_DATA SHOWN:_
--- START ---

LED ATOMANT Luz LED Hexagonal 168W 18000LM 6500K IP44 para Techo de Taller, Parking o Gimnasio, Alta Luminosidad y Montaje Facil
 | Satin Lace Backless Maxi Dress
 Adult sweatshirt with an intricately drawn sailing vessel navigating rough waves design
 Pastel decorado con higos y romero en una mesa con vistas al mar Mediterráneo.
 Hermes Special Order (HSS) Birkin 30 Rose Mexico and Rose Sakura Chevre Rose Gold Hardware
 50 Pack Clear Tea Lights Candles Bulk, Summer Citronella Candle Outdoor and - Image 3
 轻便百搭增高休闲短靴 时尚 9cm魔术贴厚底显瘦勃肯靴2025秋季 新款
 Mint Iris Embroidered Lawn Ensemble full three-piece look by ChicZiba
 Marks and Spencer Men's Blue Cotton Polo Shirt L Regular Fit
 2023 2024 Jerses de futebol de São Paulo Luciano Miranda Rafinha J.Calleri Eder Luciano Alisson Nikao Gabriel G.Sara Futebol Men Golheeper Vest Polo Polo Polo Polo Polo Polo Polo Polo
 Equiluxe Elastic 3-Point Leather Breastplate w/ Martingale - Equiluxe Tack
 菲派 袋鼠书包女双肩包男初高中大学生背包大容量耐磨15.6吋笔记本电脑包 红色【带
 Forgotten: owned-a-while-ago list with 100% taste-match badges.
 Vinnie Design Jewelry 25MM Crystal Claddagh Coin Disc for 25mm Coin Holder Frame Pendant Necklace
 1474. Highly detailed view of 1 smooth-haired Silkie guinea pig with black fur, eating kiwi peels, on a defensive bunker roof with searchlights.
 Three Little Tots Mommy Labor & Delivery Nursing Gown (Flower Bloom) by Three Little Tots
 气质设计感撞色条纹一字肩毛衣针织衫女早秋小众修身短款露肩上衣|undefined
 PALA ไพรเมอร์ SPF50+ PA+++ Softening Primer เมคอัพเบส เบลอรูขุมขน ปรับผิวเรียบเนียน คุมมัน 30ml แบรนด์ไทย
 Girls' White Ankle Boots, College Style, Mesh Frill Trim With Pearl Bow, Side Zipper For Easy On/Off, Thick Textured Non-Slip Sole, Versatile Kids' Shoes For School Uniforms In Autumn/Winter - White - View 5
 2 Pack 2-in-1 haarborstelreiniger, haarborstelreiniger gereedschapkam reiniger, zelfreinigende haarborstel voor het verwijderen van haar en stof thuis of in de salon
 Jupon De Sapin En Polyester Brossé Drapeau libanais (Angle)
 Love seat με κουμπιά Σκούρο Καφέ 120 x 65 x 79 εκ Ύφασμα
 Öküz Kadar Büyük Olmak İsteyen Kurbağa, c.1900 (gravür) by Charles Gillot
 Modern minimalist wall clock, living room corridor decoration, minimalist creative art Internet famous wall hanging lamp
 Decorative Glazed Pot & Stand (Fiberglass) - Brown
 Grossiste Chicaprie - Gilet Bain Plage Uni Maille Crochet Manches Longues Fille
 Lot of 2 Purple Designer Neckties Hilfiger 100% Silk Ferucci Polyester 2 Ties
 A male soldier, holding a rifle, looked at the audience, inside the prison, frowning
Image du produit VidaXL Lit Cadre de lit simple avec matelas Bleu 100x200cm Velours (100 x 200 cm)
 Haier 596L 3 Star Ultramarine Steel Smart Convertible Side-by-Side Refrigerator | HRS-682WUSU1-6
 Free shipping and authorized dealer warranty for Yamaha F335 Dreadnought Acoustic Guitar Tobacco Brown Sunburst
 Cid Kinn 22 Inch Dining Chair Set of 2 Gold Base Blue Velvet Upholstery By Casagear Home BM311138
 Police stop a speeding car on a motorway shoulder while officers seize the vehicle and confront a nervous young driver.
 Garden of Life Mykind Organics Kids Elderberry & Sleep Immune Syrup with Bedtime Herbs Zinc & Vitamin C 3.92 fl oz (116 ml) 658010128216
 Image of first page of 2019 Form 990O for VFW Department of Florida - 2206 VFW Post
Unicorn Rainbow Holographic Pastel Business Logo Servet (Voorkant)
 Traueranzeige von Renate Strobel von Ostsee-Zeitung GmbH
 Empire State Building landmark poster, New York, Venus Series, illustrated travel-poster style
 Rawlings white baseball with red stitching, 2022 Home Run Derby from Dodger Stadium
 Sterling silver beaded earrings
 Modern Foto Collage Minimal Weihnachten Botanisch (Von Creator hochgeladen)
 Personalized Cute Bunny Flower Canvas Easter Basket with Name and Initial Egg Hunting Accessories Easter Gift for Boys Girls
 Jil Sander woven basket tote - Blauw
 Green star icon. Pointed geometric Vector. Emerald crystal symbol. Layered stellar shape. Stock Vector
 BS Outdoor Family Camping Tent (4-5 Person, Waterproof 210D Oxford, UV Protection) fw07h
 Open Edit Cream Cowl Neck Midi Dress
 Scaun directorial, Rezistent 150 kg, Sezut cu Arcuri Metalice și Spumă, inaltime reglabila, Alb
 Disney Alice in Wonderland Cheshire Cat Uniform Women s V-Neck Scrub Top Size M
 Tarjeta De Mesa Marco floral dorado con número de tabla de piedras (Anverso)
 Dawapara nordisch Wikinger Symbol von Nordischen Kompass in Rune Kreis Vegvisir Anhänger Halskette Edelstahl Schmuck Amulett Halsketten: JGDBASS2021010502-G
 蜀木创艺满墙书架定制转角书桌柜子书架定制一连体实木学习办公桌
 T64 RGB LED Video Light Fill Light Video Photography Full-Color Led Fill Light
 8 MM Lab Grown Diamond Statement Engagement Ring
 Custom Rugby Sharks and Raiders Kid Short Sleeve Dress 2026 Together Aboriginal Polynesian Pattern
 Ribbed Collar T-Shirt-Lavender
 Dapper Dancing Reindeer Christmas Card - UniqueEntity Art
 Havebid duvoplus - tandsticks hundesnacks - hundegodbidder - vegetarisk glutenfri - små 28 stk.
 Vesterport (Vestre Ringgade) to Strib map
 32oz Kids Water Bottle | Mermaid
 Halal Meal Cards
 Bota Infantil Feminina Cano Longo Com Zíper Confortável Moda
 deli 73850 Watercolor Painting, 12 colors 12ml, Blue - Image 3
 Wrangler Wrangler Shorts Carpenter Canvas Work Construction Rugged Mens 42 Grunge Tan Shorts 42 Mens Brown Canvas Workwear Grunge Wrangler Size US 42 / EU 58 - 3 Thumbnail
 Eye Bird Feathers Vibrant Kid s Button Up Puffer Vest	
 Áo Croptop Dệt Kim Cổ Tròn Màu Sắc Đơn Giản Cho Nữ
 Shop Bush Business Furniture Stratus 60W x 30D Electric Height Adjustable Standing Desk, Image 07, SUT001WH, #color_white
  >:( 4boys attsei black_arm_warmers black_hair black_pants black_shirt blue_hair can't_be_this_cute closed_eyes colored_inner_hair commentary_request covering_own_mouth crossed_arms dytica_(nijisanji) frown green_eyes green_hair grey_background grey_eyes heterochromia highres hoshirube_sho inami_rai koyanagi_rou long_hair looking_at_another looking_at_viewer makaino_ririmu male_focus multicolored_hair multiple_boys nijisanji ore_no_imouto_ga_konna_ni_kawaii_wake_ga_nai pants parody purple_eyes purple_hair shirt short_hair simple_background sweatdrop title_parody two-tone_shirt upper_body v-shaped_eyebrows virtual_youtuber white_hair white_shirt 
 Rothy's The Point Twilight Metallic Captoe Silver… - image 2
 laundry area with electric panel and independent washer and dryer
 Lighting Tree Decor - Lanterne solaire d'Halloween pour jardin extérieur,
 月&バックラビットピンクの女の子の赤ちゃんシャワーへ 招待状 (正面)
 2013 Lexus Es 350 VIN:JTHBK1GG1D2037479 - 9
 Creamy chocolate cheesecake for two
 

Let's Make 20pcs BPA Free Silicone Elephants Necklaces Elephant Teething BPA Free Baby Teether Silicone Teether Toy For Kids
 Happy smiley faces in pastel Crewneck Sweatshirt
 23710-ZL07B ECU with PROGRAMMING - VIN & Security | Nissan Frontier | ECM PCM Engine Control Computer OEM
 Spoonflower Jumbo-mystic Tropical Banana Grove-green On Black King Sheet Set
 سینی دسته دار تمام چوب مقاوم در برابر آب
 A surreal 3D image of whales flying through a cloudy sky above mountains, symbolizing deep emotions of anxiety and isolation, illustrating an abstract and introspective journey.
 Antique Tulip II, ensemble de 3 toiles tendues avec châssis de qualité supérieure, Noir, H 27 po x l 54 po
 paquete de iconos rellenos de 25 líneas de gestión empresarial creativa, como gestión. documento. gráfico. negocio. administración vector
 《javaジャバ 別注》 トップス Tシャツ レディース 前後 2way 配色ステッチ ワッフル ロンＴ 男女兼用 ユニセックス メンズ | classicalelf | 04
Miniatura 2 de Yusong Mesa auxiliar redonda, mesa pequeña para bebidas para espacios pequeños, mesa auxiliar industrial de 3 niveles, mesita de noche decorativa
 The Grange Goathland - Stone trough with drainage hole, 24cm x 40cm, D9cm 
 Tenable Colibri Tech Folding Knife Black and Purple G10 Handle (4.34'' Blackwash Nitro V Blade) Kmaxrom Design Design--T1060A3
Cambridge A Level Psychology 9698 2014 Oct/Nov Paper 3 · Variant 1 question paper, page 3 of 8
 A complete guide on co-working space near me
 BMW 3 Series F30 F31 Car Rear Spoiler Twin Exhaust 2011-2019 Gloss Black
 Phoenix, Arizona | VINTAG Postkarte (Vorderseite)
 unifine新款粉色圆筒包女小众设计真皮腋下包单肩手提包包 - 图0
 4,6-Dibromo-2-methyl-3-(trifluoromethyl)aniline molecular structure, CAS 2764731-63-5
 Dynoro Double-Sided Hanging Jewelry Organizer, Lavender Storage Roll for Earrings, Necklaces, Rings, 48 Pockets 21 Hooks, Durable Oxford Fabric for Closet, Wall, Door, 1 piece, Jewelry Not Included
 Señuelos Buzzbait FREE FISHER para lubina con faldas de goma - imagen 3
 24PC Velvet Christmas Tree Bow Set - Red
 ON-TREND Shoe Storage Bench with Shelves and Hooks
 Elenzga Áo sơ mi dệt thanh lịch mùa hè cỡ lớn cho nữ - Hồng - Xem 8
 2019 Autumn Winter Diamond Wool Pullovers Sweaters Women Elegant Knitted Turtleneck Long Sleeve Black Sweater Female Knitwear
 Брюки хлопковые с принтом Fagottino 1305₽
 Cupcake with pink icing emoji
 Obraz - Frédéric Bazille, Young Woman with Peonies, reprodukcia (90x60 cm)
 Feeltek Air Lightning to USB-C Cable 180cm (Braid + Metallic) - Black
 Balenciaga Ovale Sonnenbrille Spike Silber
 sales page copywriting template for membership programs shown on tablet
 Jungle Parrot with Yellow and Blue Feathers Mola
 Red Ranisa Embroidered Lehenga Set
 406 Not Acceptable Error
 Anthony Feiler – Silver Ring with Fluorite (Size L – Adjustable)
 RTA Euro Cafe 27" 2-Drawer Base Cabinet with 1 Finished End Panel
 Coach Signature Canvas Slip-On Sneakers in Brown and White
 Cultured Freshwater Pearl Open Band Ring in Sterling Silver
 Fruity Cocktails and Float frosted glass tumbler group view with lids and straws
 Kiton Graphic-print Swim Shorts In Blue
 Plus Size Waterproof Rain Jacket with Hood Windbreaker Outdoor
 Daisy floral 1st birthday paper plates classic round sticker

--- END ---

_WORK TO COMPLETE:_
In the entries above, find each line with the word "Pack" and return it.

_RESPONSE TO THE EXERCISE:_
 50 Pack Clear Tea Lights Candles Bulk, Summer Citronella Candle Outdoor and - Image 3
 2 Pack 2-in-1 haarborstelreiniger, haarborstelreiniger gereedschapkam reiniger, zelfreinigende haarborstel voor het verwijderen van haar en stof thuis of in de salon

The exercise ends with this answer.